→ Exercise details: Gather all lines in the records below that include the word "designer".

→ Given entries:
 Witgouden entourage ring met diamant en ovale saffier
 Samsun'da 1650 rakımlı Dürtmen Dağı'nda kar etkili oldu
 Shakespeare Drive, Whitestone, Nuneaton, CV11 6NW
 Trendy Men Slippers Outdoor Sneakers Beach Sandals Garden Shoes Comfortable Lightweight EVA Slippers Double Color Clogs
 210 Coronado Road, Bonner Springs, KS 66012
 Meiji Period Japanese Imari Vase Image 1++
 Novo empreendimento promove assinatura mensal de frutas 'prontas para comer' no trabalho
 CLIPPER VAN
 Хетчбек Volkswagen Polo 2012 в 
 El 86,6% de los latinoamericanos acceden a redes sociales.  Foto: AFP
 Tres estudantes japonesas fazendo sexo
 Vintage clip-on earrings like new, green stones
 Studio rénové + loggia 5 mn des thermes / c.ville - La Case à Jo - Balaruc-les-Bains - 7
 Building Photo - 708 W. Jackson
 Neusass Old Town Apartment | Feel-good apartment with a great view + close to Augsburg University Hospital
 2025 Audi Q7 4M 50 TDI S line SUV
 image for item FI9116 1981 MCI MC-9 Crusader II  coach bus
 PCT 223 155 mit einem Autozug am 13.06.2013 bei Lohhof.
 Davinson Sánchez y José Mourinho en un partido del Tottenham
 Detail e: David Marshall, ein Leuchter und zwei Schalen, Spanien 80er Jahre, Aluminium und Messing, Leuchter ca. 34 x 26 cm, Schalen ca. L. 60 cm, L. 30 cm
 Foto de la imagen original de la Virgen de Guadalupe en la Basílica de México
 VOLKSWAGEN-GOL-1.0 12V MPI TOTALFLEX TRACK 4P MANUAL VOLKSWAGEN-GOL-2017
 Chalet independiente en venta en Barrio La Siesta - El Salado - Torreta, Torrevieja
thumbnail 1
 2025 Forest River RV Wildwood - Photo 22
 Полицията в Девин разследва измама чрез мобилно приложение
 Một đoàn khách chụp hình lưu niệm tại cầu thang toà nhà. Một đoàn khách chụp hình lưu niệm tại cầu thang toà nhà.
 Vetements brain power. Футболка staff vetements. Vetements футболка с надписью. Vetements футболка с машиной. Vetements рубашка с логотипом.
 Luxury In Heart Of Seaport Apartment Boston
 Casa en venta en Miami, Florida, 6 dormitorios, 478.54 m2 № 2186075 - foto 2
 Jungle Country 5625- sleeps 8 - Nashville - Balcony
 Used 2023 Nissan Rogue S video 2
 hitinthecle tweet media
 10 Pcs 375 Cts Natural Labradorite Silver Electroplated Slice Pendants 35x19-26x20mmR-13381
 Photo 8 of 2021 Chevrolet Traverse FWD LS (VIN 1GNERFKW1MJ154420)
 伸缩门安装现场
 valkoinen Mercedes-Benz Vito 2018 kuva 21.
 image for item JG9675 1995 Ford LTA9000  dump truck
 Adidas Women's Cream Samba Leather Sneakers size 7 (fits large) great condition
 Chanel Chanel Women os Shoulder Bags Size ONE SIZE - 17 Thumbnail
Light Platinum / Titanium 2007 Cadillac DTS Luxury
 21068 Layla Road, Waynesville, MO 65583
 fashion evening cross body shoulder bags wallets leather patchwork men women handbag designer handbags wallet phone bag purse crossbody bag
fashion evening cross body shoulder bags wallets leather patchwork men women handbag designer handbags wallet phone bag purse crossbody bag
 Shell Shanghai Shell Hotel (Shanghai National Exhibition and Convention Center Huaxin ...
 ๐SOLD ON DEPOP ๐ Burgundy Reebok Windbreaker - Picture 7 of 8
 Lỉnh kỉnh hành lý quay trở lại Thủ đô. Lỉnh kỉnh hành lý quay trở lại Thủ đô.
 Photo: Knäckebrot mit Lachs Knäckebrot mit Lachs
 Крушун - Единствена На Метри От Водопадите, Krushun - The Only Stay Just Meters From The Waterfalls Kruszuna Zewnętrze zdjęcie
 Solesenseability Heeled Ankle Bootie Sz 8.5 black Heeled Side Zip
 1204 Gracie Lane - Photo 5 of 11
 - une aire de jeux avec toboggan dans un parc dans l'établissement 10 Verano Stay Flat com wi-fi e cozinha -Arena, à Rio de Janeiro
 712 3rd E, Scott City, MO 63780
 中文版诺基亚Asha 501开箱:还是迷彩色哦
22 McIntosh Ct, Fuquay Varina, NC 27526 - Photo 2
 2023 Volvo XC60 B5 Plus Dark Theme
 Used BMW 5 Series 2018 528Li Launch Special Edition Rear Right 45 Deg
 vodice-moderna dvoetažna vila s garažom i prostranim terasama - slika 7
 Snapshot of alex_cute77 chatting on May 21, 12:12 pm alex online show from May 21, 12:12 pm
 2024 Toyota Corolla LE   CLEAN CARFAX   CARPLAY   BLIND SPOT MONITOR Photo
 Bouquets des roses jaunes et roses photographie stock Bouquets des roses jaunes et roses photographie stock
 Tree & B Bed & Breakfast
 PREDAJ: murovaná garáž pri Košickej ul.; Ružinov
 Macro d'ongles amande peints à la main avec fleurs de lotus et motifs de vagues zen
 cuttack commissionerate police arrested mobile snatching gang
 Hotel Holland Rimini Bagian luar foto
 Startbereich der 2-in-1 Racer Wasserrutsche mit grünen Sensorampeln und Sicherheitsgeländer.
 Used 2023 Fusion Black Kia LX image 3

→ The completed task:
 fashion evening cross body shoulder bags wallets leather patchwork men women handbag designer handbags wallet phone bag purse crossbody bag
fashion evening cross body shoulder bags wallets leather patchwork men women handbag designer handbags wallet phone bag purse crossbody bag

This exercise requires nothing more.